← All Machine Learning Foundations modules

Module 4 — Naive Bayes

Supervised learning · hands-on · about 30 minutes.

Naive Bayes applies Bayes' rule from Course 2, Module 3 to construct a probabilistic classifier — the canonical textbook example of a spam filter. It trains rapidly, requires comparatively little data, and remains a remarkably strong baseline for text classification. In this module you will operate a live spam filter, toggling individual words and observing how each contributes to the posterior probability of spam.

Bayes' rule applied to classification

The quantity of interest is the posterior probability \( P(\text{spam} \mid \text{words}) \) — the probability that an email is spam, conditional on the words it contains. Bayes' rule re-expresses this in terms of quantities that can be estimated by counting frequencies in historical, labeled data:

\[ P(\text{spam} \mid \text{words}) \;\propto\; P(\text{spam}) \times P(\text{words} \mid \text{spam}) \]

The symbol \( \propto \) means "is proportional to," not "equals." The exact form of Bayes' rule divides the right-hand side by \( P(\text{words}) \), but that denominator is the same regardless of the class being tested, so it cannot change which class scores highest. Dropping it leaves the two sides equal only up to that shared constant — which is precisely what \( \propto \) records, and all a classifier needs in order to pick the more probable class.

\( P(\text{spam}) \) is the prior — the marginal probability of spam in the overall mail distribution. \( P(\text{words} \mid \text{spam}) \) is the likelihood — the probability of observing those words conditional on the email being spam.

The "naive" conditional-independence assumption

Estimating \( P(\text{whole sentence} \mid \text{spam}) \) directly is intractable, because the space of possible sentences is effectively infinite and most have never been observed in training data.
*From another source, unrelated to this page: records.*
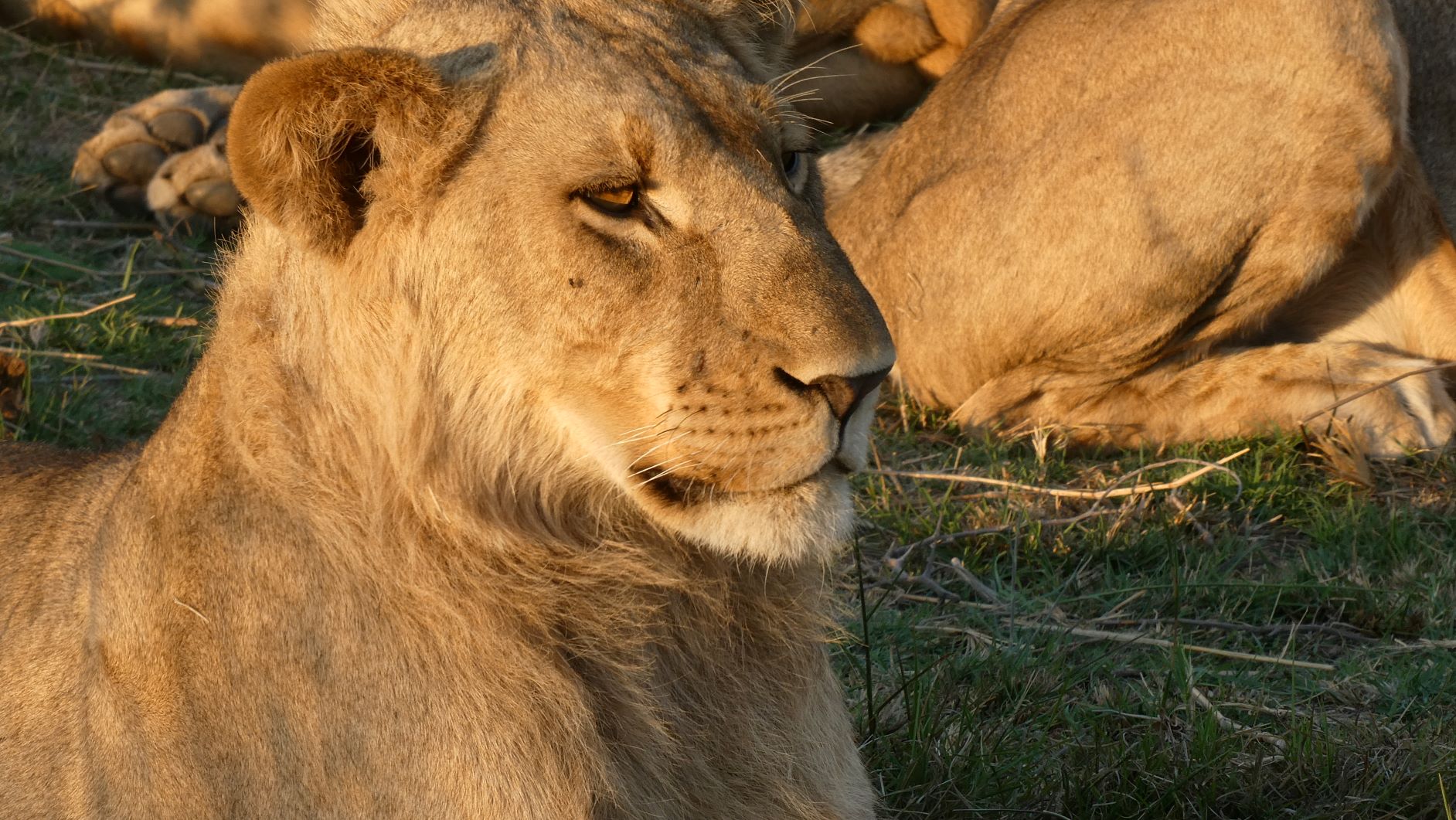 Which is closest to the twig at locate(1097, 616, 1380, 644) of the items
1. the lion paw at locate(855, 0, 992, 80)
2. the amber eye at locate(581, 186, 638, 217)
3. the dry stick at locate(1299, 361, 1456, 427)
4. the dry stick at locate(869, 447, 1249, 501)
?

Naive Bayes resolves this by introducing a strong simplifying assumption: the words are treated as conditionally independent given the class label, so the joint likelihood factorizes into a product of per-word likelihoods:

\[ P(\text{words} \mid \text{spam}) \;\approx\; \prod_i P(\text{word}_i \mid \text{spam}) \]

This independence assumption is empirically false — for example, "york" is far more likely to follow "new" than to occur in arbitrary context — yet the classifier performs strongly in practice, because correct classification requires only that the posterior assign the highest probability to the correct class, not that the absolute probability be calibrated.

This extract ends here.